15 states do not have employer identification codes. However, seven of these states do use the employer's name.

12 states use the employer's unemployment insurance (U.I.) account number. but some cannot be matched with the U.I. computer files.

10 state systems use employer identification numbers developed by the particular state agencies which are not related to any system used by the federal government.

Two states use the Federal Employer Identification number (I.R.S. number). Two use dual employer identification codes (the I.R.S. number and their own unique identification number).

(c) There are significant coverage exclusions under the various state workers' compensation statutes:

Coverage of employers is elective rather than compulsory in New Jersey, South Carolina and Texas.

Fourteen states have numerical exemptions. These exemptions range from employers with one employee to employers with fewer than six employees.

Other exemptions applying to small establishments or employers include agricultural and casual employees, employee of religious and charitable organizations, etc.

BROWN LUNG: THE CAROLINAS DON'T CARE FOR THEIR OWN-STATEMENT OF THE BROWN LUNG ASSOCIATION ANALYSIS OF THE FINDINGS IN "BROWN LUNG DISABILITY: COSTS, COMPENSATION & CONTROVERSY" SUBMITTED BY PAUL CLINE Study population

Data from 260 N.C. & S.C. workers' compensation claimants (for byssinosis) were collected. (Approximately 1,100 cases had ever been filed in the 2 states as of 11/79). The study participants retired disabled at the average age of 58 years, after working an average of 32 years in cotton mills. 88 percent of the group retired before the age of 65. On the major objective lung function test for byssinosis, Industrial Commission panel physicians found the study participants' average FEV1 (forced expiratory volume in one second) value to be 51 percent of expected normal.

Workers' compensation claims experience

Of the 260 workers' compensation cases filed, only 46 had received a decision from the state Industrial Commissions.
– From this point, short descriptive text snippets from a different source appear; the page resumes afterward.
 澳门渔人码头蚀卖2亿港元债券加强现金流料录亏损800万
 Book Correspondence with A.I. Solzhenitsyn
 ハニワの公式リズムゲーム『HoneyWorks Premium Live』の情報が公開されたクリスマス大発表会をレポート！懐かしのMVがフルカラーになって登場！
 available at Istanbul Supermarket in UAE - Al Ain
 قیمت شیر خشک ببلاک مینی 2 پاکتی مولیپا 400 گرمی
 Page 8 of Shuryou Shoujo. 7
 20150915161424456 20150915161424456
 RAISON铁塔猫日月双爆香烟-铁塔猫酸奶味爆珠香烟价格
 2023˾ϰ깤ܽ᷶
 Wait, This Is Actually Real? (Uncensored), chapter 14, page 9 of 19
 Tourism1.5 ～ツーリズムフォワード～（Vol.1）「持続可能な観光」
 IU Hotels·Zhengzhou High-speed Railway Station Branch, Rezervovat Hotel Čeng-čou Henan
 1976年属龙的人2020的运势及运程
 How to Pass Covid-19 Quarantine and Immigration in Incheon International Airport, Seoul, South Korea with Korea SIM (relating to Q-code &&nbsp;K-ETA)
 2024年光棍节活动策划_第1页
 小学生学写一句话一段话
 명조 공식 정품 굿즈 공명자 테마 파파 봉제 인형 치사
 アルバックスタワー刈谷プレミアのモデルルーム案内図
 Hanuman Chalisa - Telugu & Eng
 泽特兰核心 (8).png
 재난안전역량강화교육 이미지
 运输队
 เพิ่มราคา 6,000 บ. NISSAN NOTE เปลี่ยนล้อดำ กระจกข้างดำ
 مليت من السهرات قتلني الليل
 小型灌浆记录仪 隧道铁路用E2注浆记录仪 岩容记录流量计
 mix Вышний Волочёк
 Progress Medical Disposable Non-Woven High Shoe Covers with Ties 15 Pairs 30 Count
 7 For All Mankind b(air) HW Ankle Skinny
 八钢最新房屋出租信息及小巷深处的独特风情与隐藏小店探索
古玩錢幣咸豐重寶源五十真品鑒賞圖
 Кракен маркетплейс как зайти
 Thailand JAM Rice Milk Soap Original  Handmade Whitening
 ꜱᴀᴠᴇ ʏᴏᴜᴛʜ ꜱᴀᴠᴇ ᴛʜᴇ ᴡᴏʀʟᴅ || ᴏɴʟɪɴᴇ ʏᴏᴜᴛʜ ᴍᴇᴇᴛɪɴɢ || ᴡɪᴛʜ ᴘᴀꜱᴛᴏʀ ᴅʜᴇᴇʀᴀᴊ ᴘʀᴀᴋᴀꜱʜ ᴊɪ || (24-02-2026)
Twenty-eight cases were denied and 18 awarded. 3 persons who get awards subsequently settled their claims. Of all these closed cases, the average time from claim filing to date of final decision was 22 months. 60 percent of the filed cases were still pending. Their average elapsed time since filing was also 22 months (at the time of the survey).

Settlement agreements (Industrial Commission purview) are the major consequence of this extensive litigation. Three-quarters of those receiving workers' compensation payments and two-thirds of the benefit dollars came through these lower-paying settlements as contrasted with Industrial Commission post-hearing decisions and awards.

Major reasons for workers' compensation delays included automatic controversion by the insurance carriers and lack of medical criteria for evaluating the work-relatedness of disability. After 12 years average elapsed time from filing, 61 percent of all filed cases still had not gotten an opinion on dustrelatedness of disease. But, even in the 115 cases where doctors had stated their opinion that an association between cotton dust exposure and respiratory disease existed, 50 percent had not been settled.

Sources of income support for the population

Social Security is the primary source of income support. 95 percent of the sample were receiving benefits from Social Security with average monthly payments of $268. Only 5.5 percent of the sample were receiving ongoing workers' compensation benefits, an additional 20 percent had received lump-sum payments which averaged 40 percent lower than ongoing benefits payments.